Publié le 30 octobre 2009 par Irigoyen
Misha Aster, Sous la baguette du Reich, Héloïse d'Ormesson

Misha Aster, Sous la baguette du Reich, Héloïse d'Ormesson

Véritable institution outre-Rhin, l’orchestre philharmonique de Berlin a traversé, depuis sa fondation en 1882, les moments les plus tragiques de l’histoire allemande. L’ouvrage de Misha Aster, paru il y a deux ans dans sa version originale, revient sur son fonctionnement interne sous le Troisième Reich. Il montre, nouveaux documents d’archives à l’appui, que le régime nazi et la formation musicale, alors dirigée par Wilhelm Furtwängler, se sont, pendant quelque temps, servis l’un de l’autre.

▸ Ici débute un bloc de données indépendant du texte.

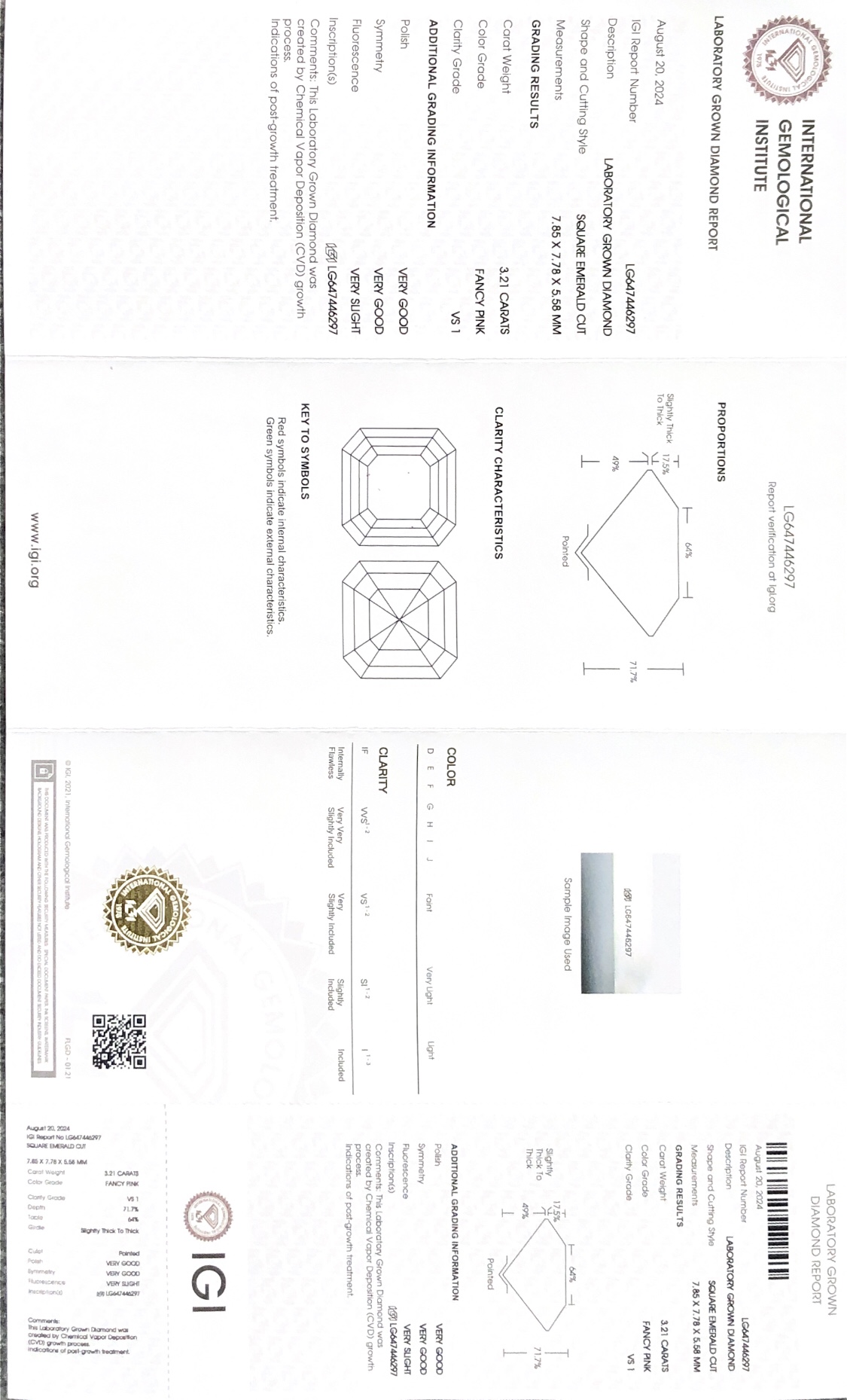 3.21CT Square Emerald Lab Grown Diamond with IGI Certificate 8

Pour comprendre la thèse de l’auteur, il faut revenir aux débuts du philharmonique. Misha Aster rappelle que l’orchestre fut d’abord « une association indépendante autogérée dont chaque musicien possédait une part, une sorte de coopérative musicale en somme ». Ce statut disparaîtra par la suite mais ce sont surtout la première guerre mondiale et la crise de 1929 qui vont porter les premiers coups en affectant très durement la trésorerie de l’orchestre qui se retrouve alors contraint de chercher des financements au niveau fédéral. Durant la République de Weimar, de 1919 à 1933, le philharmonique de Berlin tente, par tous les moyens, de renflouer ses caisses, en conservant son autonomie de décision.

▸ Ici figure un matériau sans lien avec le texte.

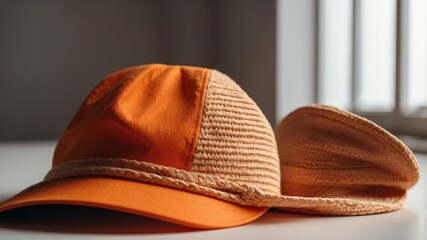 a orange hat on white table and plain background with dramatic lighting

L’arrivée d’Adolf Hitler au pouvoir change la donne. Le Reich de « mille ans » voit très vite le rôle d’ambassadeur culturel que peut jouer l’équipe de Furtwängler. L’orchestre est alors placé sous l’administration du ministère de la propagande dirigé par Goebbels. Il voit sa subvention augmenter. Mais tout cela a un prix. Le philharmonique est contraint d’abandonner son statut de SARL. Il devient Reichsorchester, monopole d’Etat. Faut-il en conclure que l’orchestre épouse les thèses nazies dans leur ensemble ? Dans ce livre, Misha Aster ne tranche pas. Il montre davantage les tentatives d’un Furtwängler pour maintenir coûte que coûte un semblant d’autonomie artistique. Ce qui sera le cas puisque les musiciens étaient par exemple unabkömmlich, non disponibles pour les obligations militaires.

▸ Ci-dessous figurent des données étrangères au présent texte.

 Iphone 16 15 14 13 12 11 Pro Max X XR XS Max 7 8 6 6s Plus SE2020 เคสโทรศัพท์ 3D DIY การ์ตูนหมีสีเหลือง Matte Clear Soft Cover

Selon l’auteur, Furtwängler réussit à protéger ses collègues juifs dont sa secrétaire Berta Geissman ou encore Szymon Goldberg, alors premier violon. Mais ce très mince pouvoir se réduira encore avec la nomination d’un commissaire nazi auprès du Philharmonique, Von Schmidtseck. Furtwängler démissionnera pendant quelques mois, en raison d’un conflit musical avec l’intendant de l’orchestre, Hans von Benda, l’homme qui, plus tard, engagera Herbert von Karajan, pour lequel Furtwängler avait une profonde antipathie et qui fut, lui, un membre du parti national-socialiste.

Ce livre passionnant et extrêmement détaillé permet au lecteur d’assister à une très lente et progressive mise au pas de la culture à des fins politiques. Dans son travail, Misha Aster décortique avec minutie l’instrumentalisation d’hommes dont on pourra se demander si les tentatives pour maintenir « l’éminence incomparable de la musique allemande » n’étaient pas, de toute façon, totalement illusoires.